[Captioned web image data]
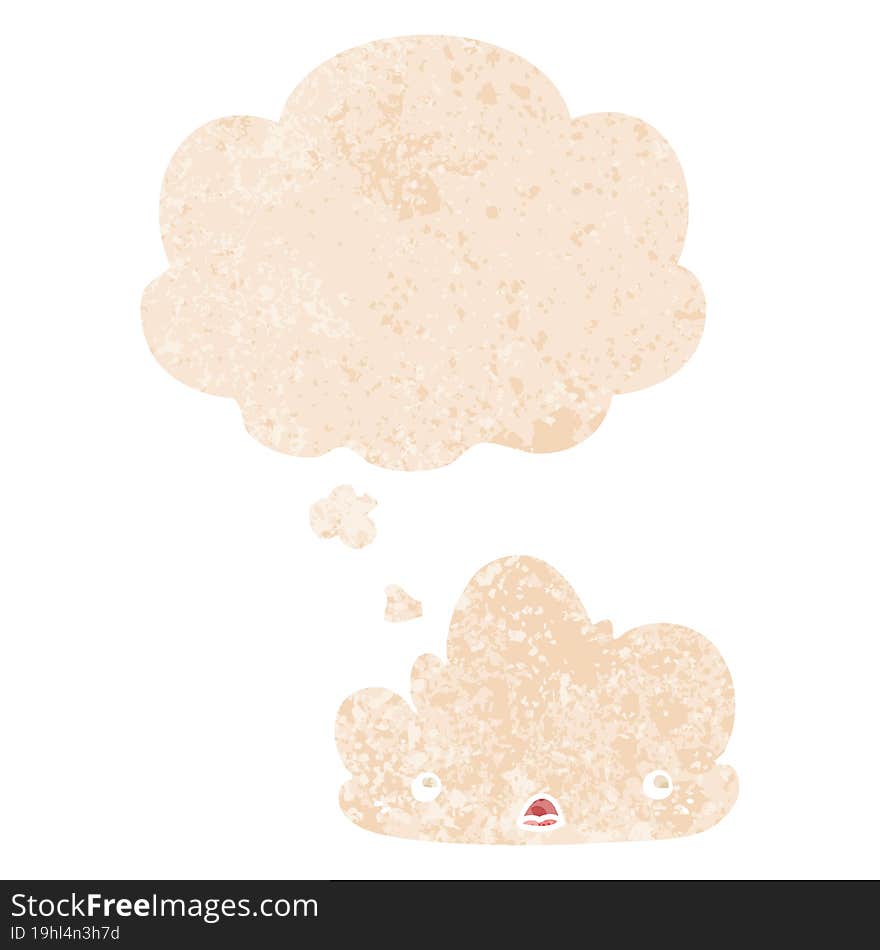 Cute Cartoon Cloud And Thought Bubble In Retro Textured Style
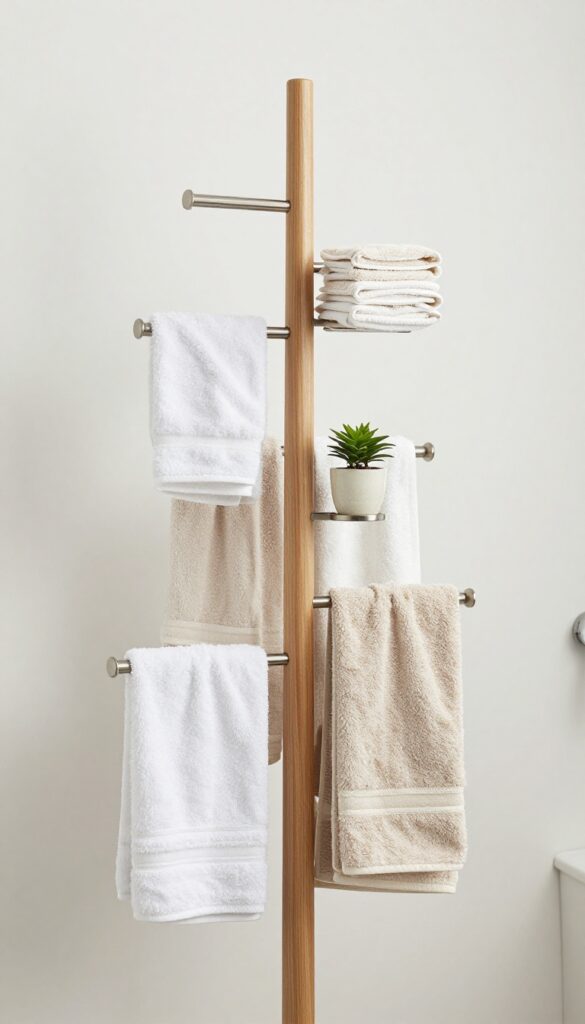 A towel tree with multiple arms holding several towels in a bright, clean bathroom, showcasing an organized storage solution for shared spaces.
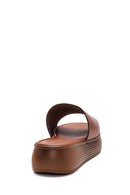Women's Leather Padded Sole Slippers | Derimod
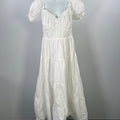 ASTR Women's White Tiered Short Puff Sleeve Midi Dress - M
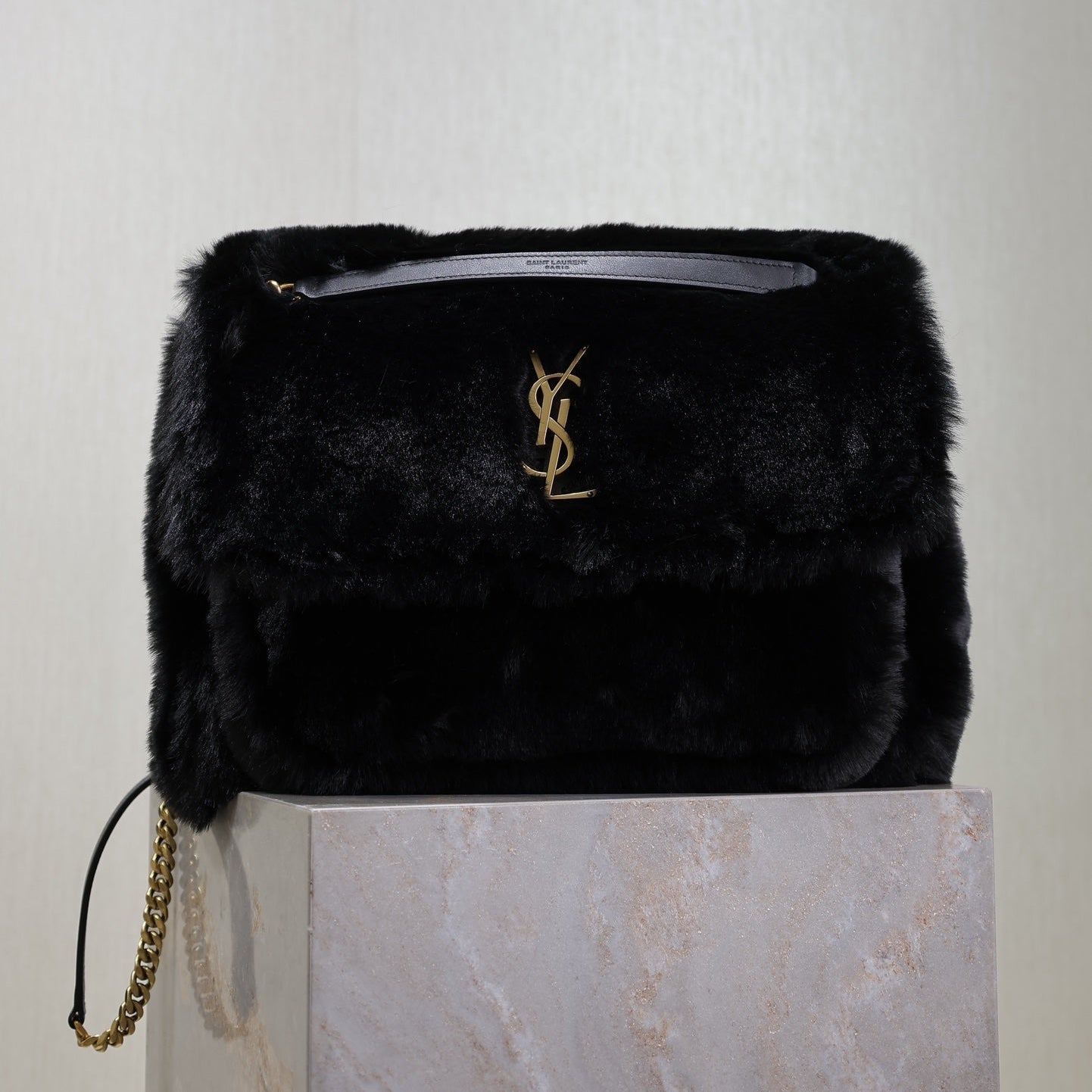 Luxury Saint Laurent NIKI LARGE 32 IN BLACK RABBIT FUR GOLD HARDWARE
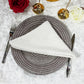 5 pcs/pk Luxury Boucle 20"x20" Linen Napkin White folded on top of a patterned  charger plate
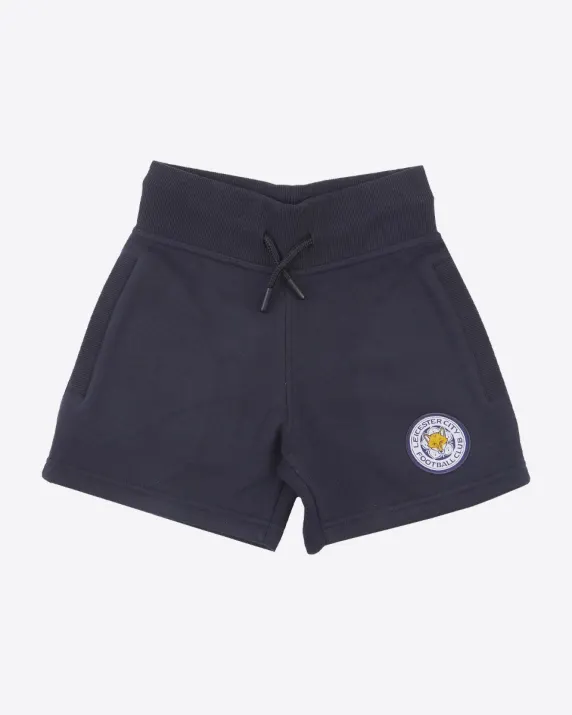 Leicester City Navy Essential Crest Shorts - Kids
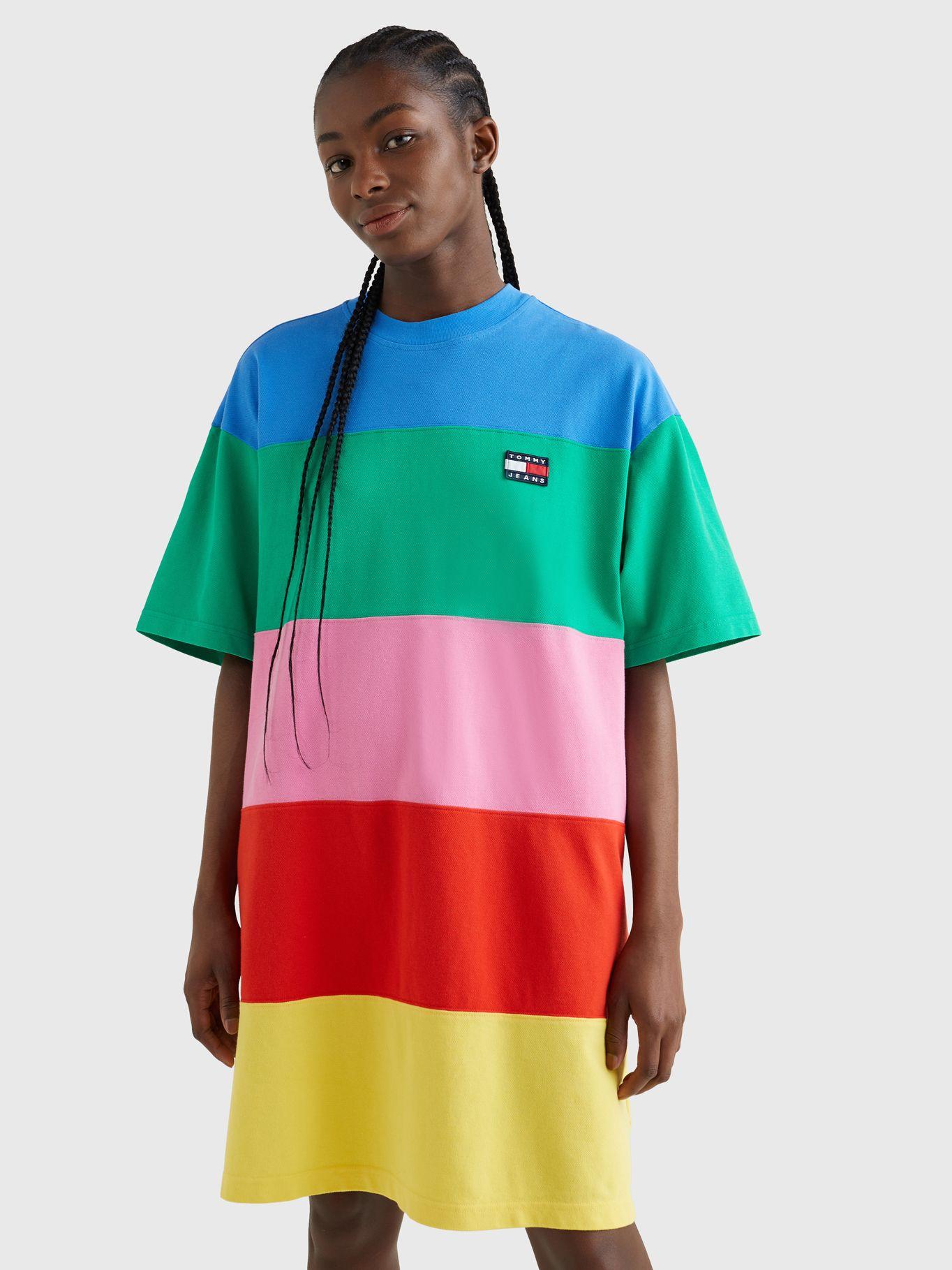 Vestido Pop Color Block Verde Tommy Hilfiger-1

YOUR ASSIGNMENT = From the first line to the last, retype the data above exactly, but not its images.

EXERCISE RESPONSE =
 Cute Cartoon Cloud And Thought Bubble In Retro Textured Style
 A towel tree with multiple arms holding several towels in a bright, clean bathroom, showcasing an organized storage solution for shared spaces.
Women's Leather Padded Sole Slippers | Derimod
 ASTR Women's White Tiered Short Puff Sleeve Midi Dress - M
 Luxury Saint Laurent NIKI LARGE 32 IN BLACK RABBIT FUR GOLD HARDWARE
 5 pcs/pk Luxury Boucle 20"x20" Linen Napkin White folded on top of a patterned  charger plate
 Leicester City Navy Essential Crest Shorts - Kids
 Vestido Pop Color Block Verde Tommy Hilfiger-1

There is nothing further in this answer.